In Andersens Märchen von des Kaisers neuen Kleidern stehen die Erwachsenen da und tun so, als bestaunten sie prächtige Gewänder. Sie sehen davon nichts, aber haben Angst, das laut zu sagen. Heißt es doch, die Kleider blieben jenen unsichtbar, die für ihren Beruf nicht taugten. Ein Zwang zur Lüge liegt über ihnen. Und über dem Kaiser ebenso. Nackt posiert er vor seinem Volk. Aber er hat ja nichts an, ruft plötzlich ein Kind. Und es erhebt sich ein Flüstern. – Er hat ja gar nichts an, ruft endlich das ganze Volk.
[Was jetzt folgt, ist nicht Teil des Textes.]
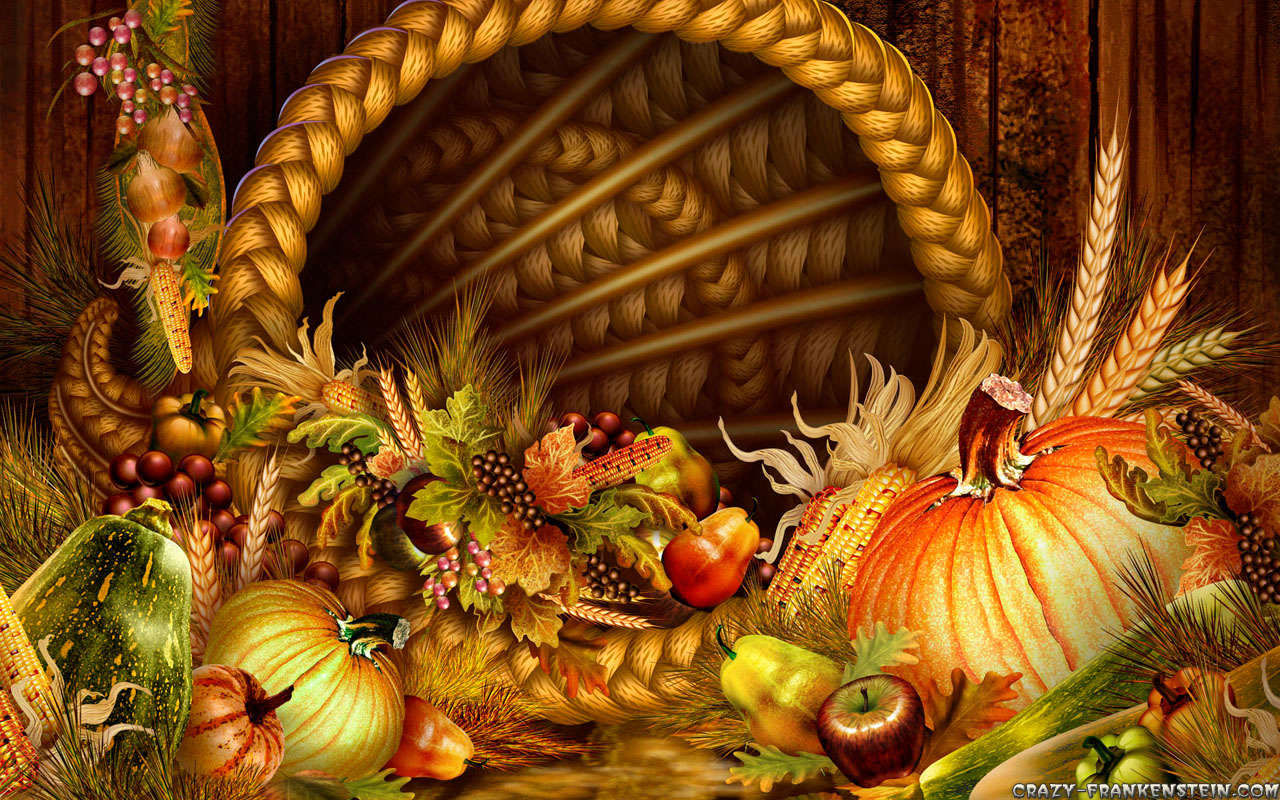 Free Thanksgiving Desktop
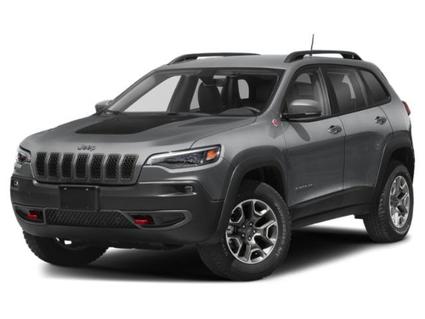 2022 Jeep Cherokee Minneapolis MN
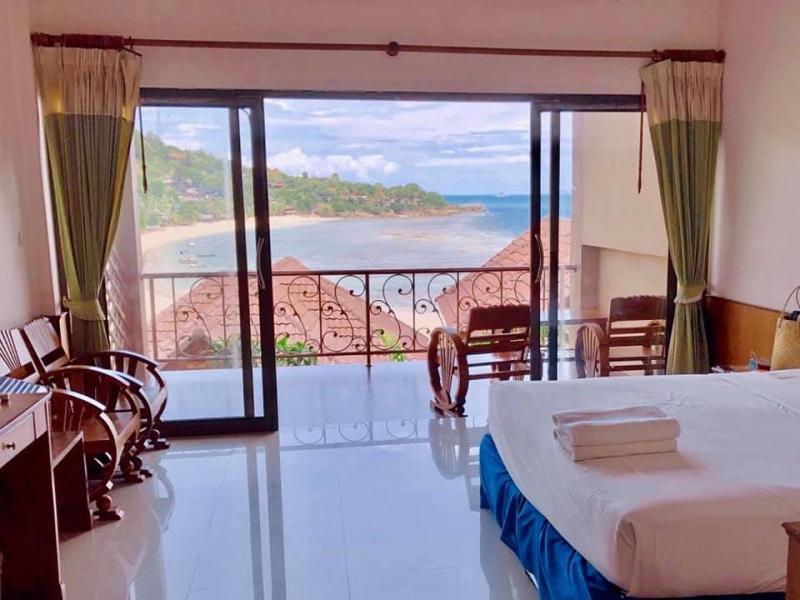 Haad Yao Bayview Resort & Spa - Sha Plus Certified Cameră foto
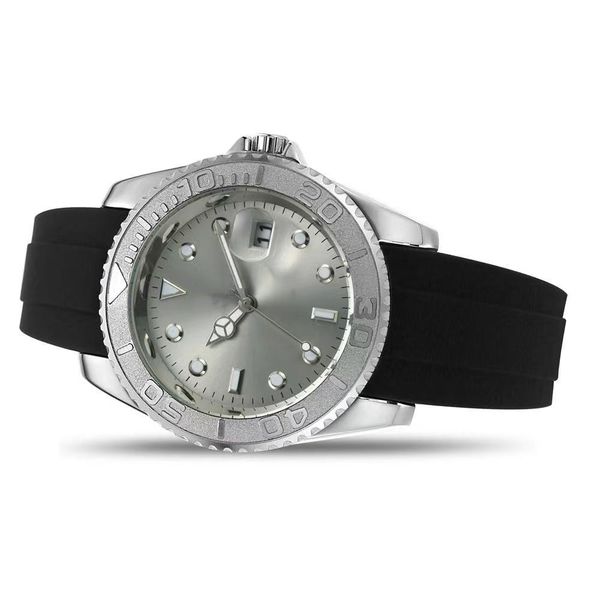 luxury watches aaa quality men's watch automatic movement caliber 2813 41mm triangle pit bezel gold diamond dial stainless steel waterp, Slivery;brown
luxury watches aaa quality men's watch automatic movement caliber 2813 41mm triangle pit bezel gold diamond dial stainless steel waterp, Slivery;brown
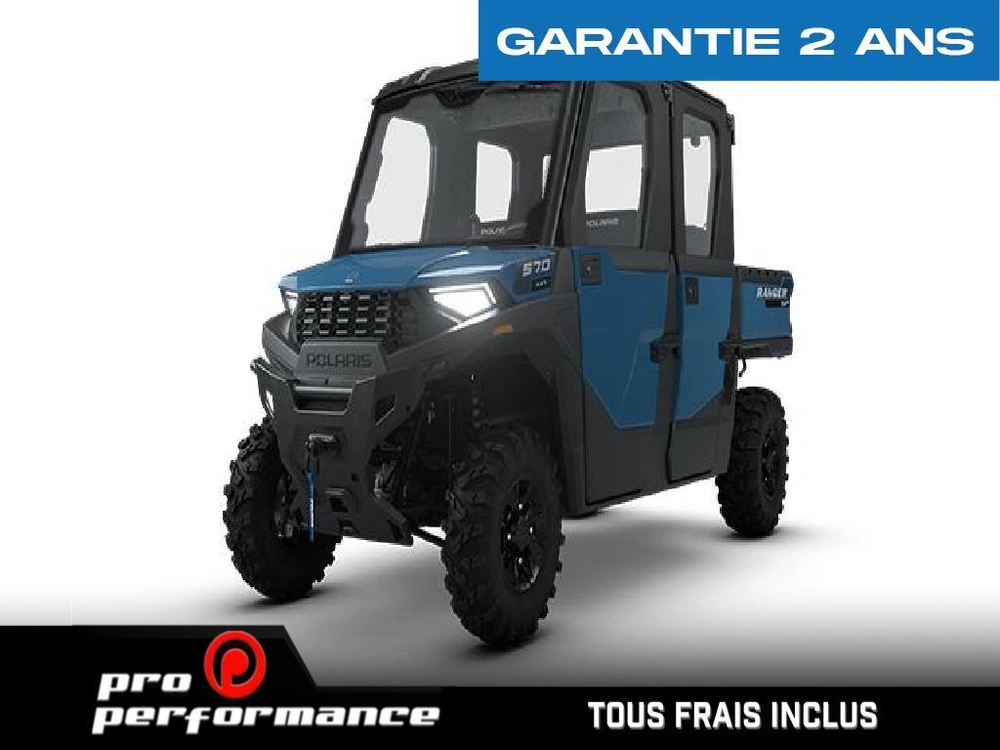 Polaris Ranger Crew Sp 570 Northstar Edition 2026 alt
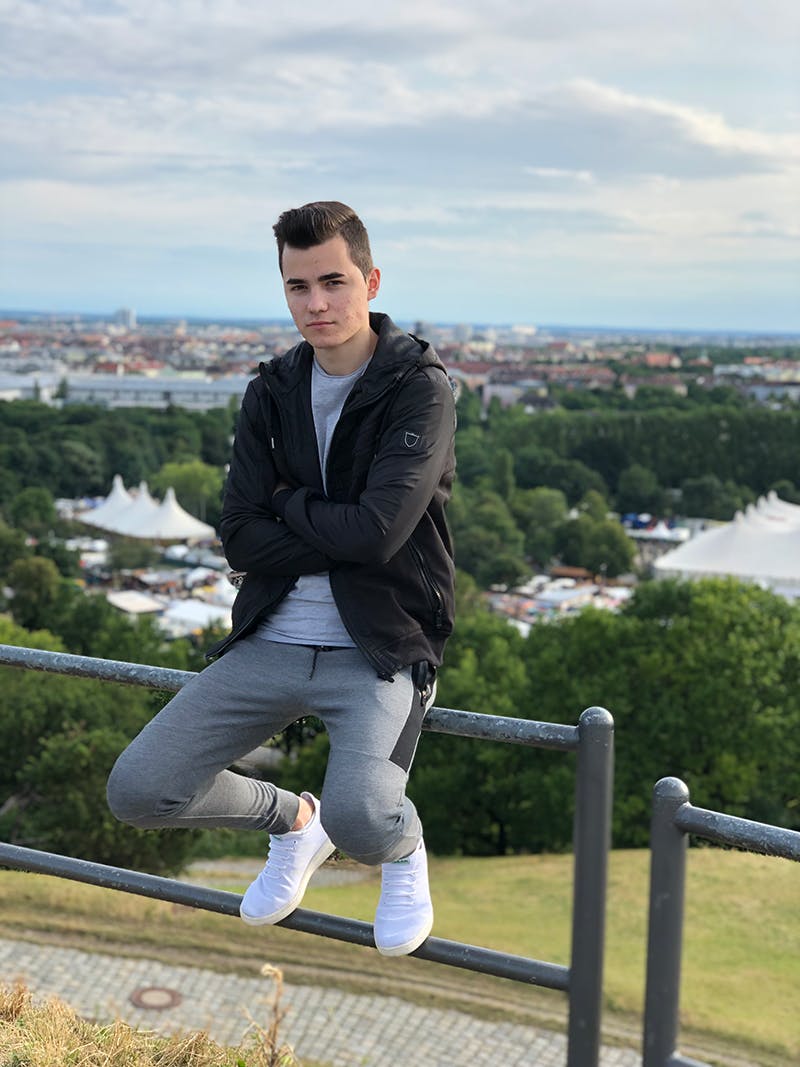 Alex Dragun, Munchen Alex Dragun, Munchen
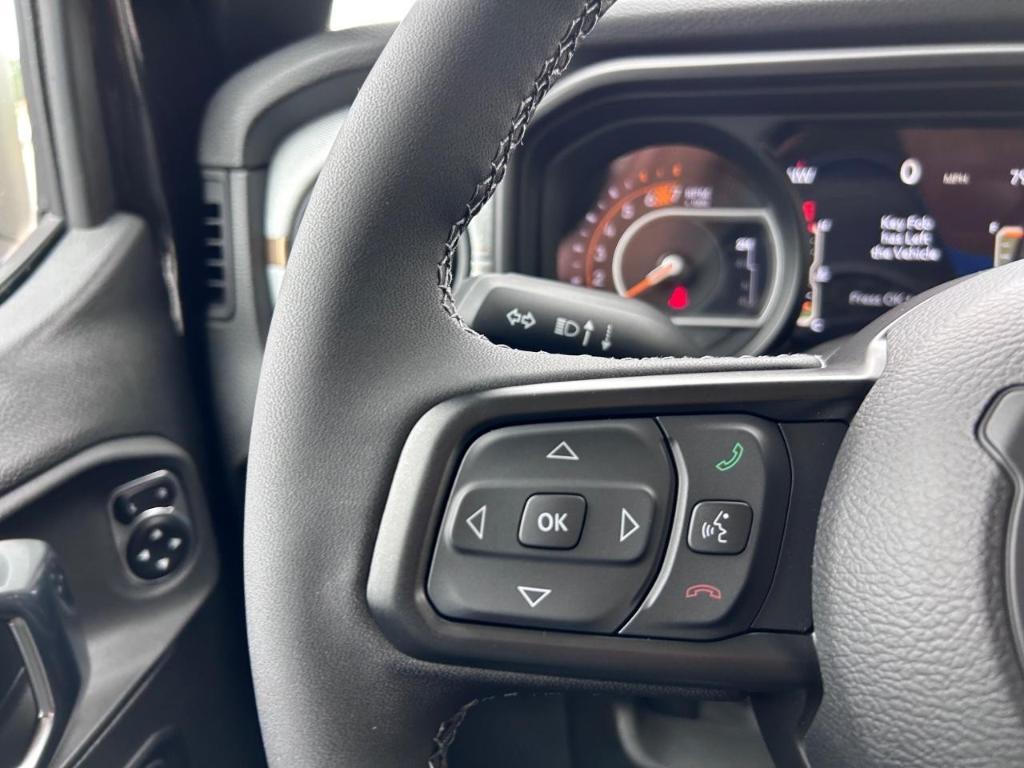 new 2025 Jeep Wrangler car, priced at $46,816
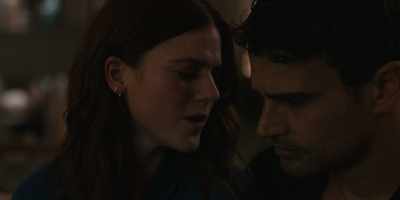 And if you forgive me
when I hurt you, - The Time Traveler's Wife
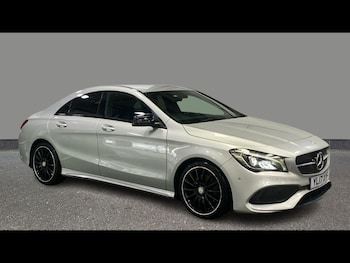 Used Mercedes-Benz CLA 2017 for sale - 78789667: Photo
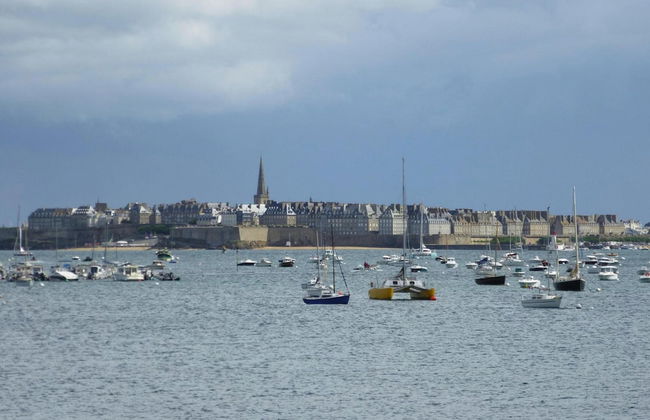 Semi-detached House, St. Meloir-des-ondes - Foto 21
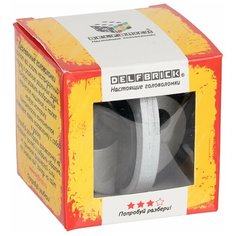 Головоломка деревянная "DELFBRICK" DLS-12 "Инь-Янь"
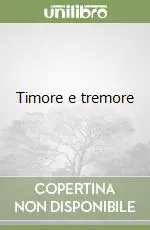 Timore e tremore Nuova Collezione
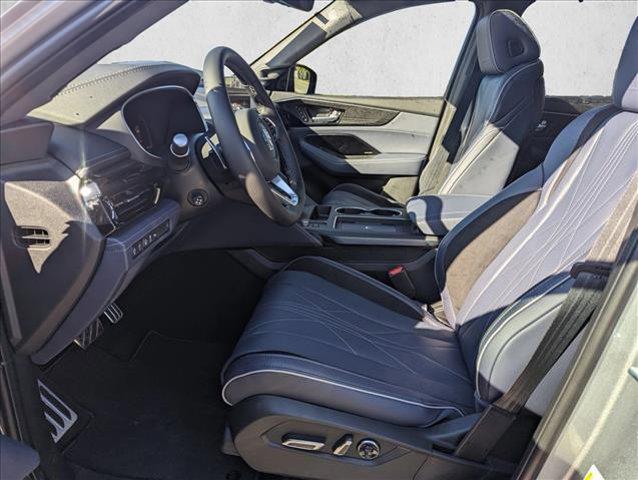 new 2026 Acura MDX car, priced at $77,200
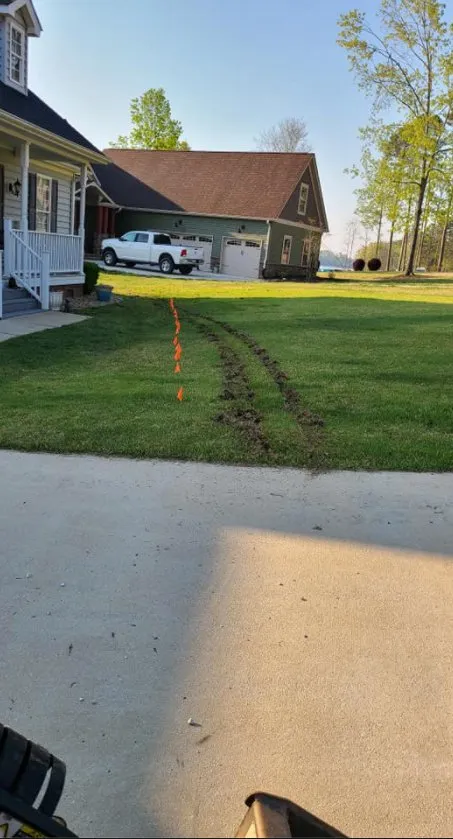 Top-rated lawn care service near you across Laurens, SC - J&I Landscaping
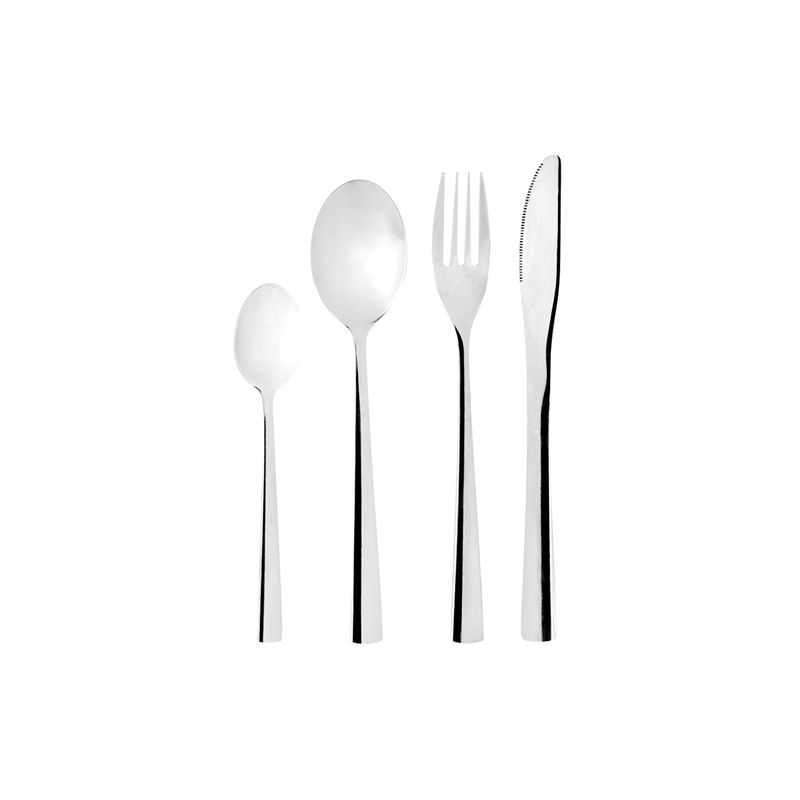 URBAN PRODUCTS - SET DE CUBIERTOS 16 PCS ACERO INOXIDABLE URBAN PRODUCTS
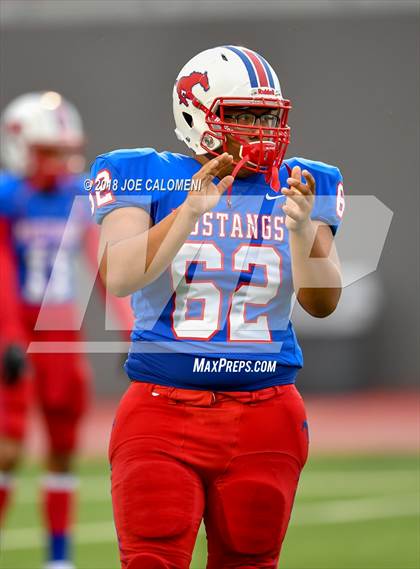 Thumbnail 1 in Brackenridge vs Jefferson photogallery.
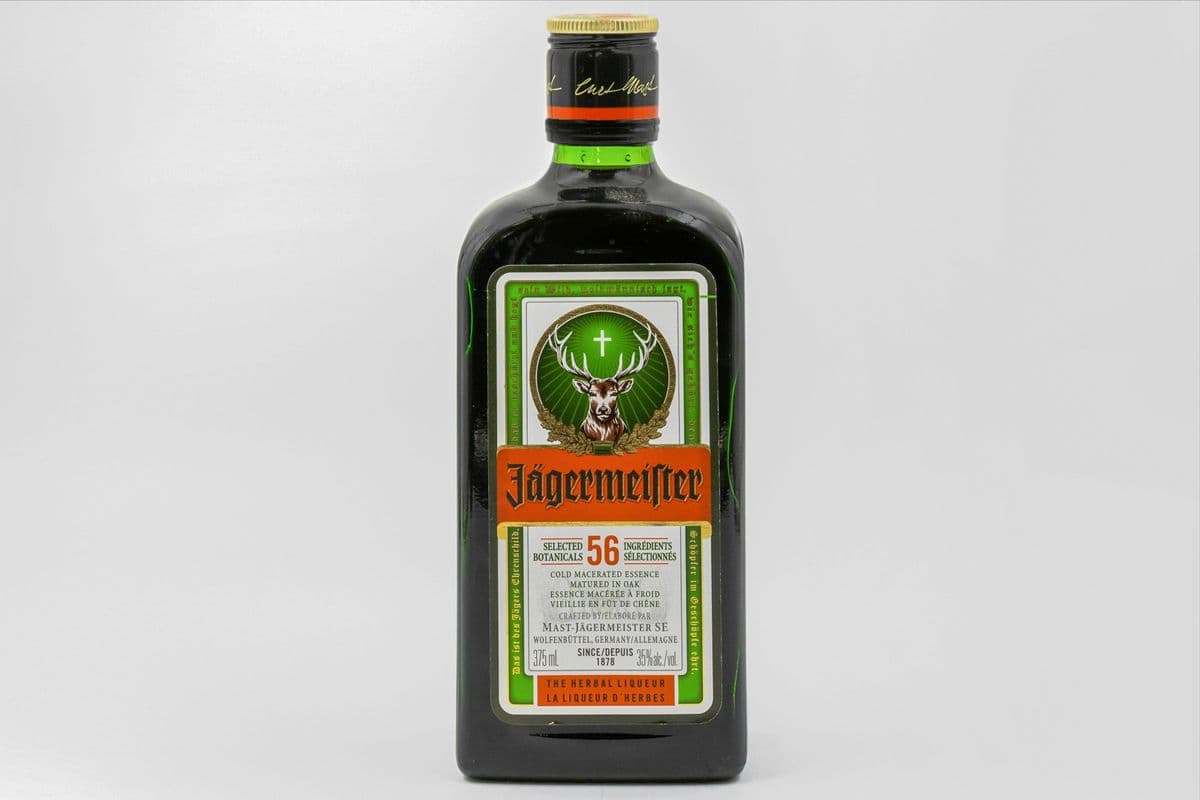 Jagermeister (375ml Bottle) (1 x 375ml)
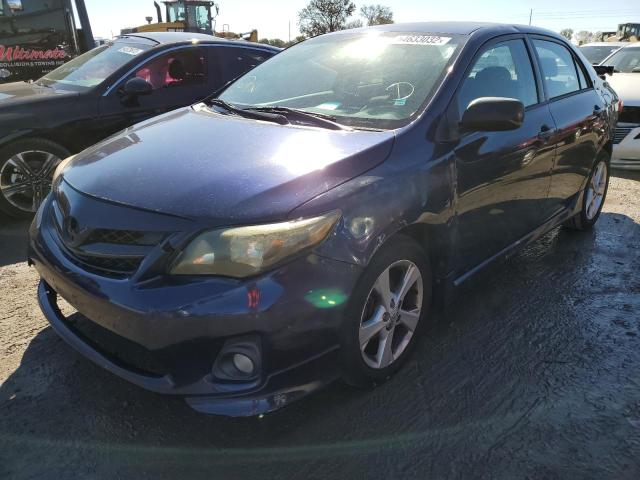 Photo 2 from auction – 2013 TOYOTA COROLLA BA with VIN 5YFBU4EE4DP113101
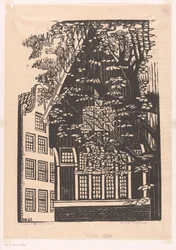 Aloitus Amsterdamissa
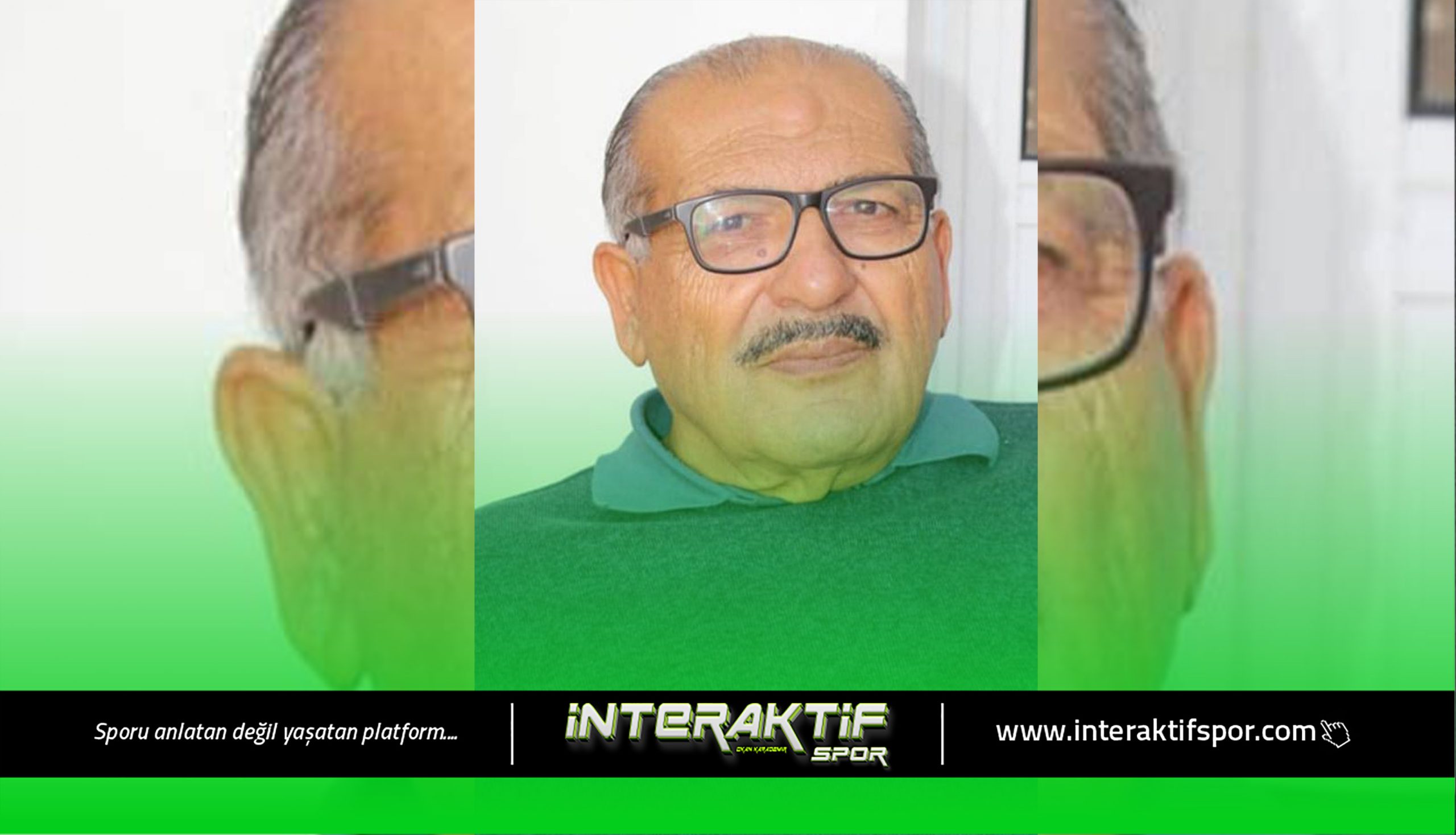 Kıbrıs Türk futbolunun efsane isimlerinden Hüseyin Alder (Galliga) hayata gözlerini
»Wirtschaft ist nicht göttlich«, so Gregor Gysi. »Wirtschaft wird von Menschen gemacht. Und da ist es nicht absurd zu fragen: Warum nicht auch für Menschen?«

4. November: Ich schreibe, und es ist schon Mitternacht. Heute vor 16 Jahren habe ich noch an eine Erneuerung der DDR geglaubt. Wie viel Ernüchterung, Trauer und Glück hat es seitdem gegeben. Nichts war voraussehbar gewesen, und auch heute ist nichts voraussehbar. An diesem Abend wurde immer wieder eine starke Linke beschworen, die ja nicht nur aus PDS und WASG bestehen müsste, sondern als dritte, noch viel größere Gruppe die vielen Leute hat, die schon in Resignation versunken sind und nun vage Hoffnung schöpfen. Wenigstens darauf, dass sie nicht ganz allein und machtlos sind, dass sich etwas in dieser Gesellschaft bewegt.